The U.S. report (updated quarterly) is available in several forms, including interactive, from links on the Bureau of Economic Analysis (BEA) NIPA () page. Other countries report based on their own adopted system of National accounts which are frequently based on the U.S. NIPAs, the widely adopted United Nations System of National Accounts, or their own custom approach. The level of detail (granularity) accounted for internally, and reported publicly, varies widely across countries. Likewise, a nation's system of accounts, (analogous to a firm's Chart of accounts) are typically gradually revised and updated on their own individual schedule. The U.S. NIPAs are prepared by the staff of the Directorate for National Economic Accounts within the BEA. The source data largely originates from public sources, such as government surveys and administrative data, and they are supplemented by data from private sources, such as data from trade associations (BEA 2008: 1–6).

==Income accounting==
The income side of the national income and product account report begins with the kinds of income people might have. Employee compensation includes the wages and salaries paid to anyone whose income is subject to income tax withholding. Since wages and salaries affect more individuals and families directly than the other sources of income, it has by far the largest value.

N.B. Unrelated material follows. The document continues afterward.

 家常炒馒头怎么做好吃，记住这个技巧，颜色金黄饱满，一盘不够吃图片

National income accounts of the U.S., 2003
Billions of current US$
| Employee compensation | 6,289.00 |
| Proprietors' income with IVA and CCA | 834.10 |
| Rental income of persons with CCA | 153.80 |
| Corporate profits with IVA and CCA | 1,021.10 |
| Net interest and miscellaneous payments | 543.00 |
| Taxes on production and imports | 798.10 |
| Less: subsidies | −46.70 |
| Business current transfer payments (net) | 77.70 |
| Current surplus of government enterprises | 9.50 |
| Equals: national income (NI) | 9,679.60 |
| Statistical discrepancy | 25.60 |
| Equals: net national product (NNP) | 9,705.20 |
| Consumption of fixed capital | 1,353.90 |
| Equals: gross national product (GNP) | 11,059.10 |
| Income receipts from the rest of the world | 273.90 |
| Less: Income payments to the rest of the world | −329.00 |
| Equals: gross domestic product (GDP) | 11,004.00 |

Proprietors' income is the payments to those who own non-corporate businesses, including sole proprietors and partners. inventory value adjustment (IVA) and capital consumption adjustment (CCA) are corrections for changes in the value of the proprietor's inventory (goods that may be sold within one year) and capital (goods like machines and buildings that are not expected to be sold within one year) under rules set by the U.S. Internal Revenue Service (IRS).

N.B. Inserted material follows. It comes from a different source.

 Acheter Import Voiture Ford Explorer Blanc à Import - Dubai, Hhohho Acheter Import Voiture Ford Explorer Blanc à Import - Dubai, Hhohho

Rental income of persons excludes rent paid to corporate real estate companies. Real estate is capital rather than an inventory by definition, so there is no IVA.

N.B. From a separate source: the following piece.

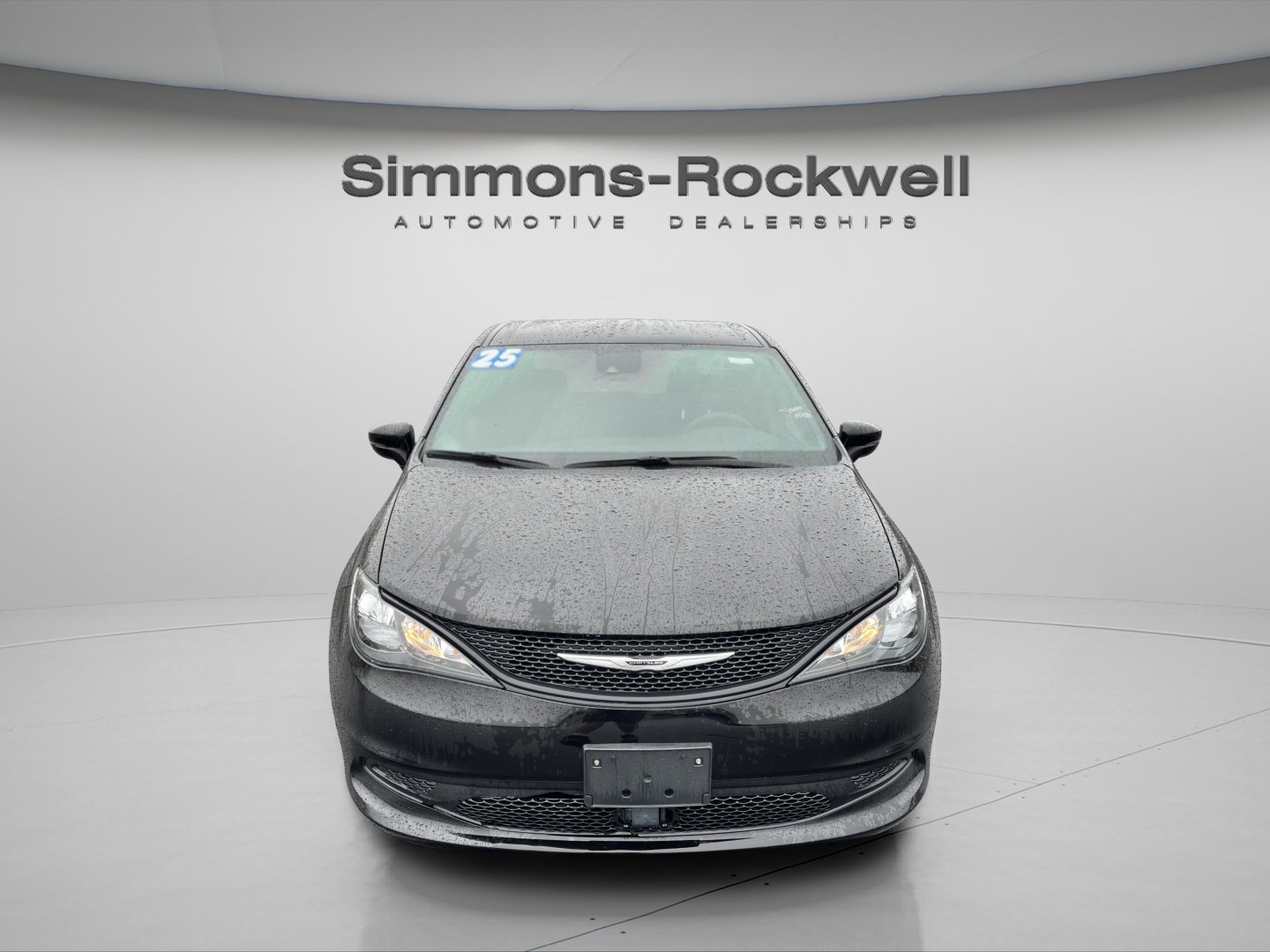 Used 2025 Chrysler Voyager LX image 2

Corporate profits with IVA and CCA are like the entries for proprietors' income and rental income except that the organization is a corporation. Corporate profit is shown before taxes, which are part of taxes on production and imports, two lines down.

Business current transfer payments are not explained here.

Net interest and miscellaneous payments are interest paid minus interest received plus payments to individuals and corporations that are not elsewhere classified (NEC). Taxes on production and imports does not include corporate income tax payments to the states and to the federal government. Taxes on production and imports were previously classified as "indirect business taxes" and included excise taxes, sales taxes, property taxes, and other taxes relating to business production. While the report includes the net value of interest payments and receipts, both the taxes paid and subsidies from the government are shown.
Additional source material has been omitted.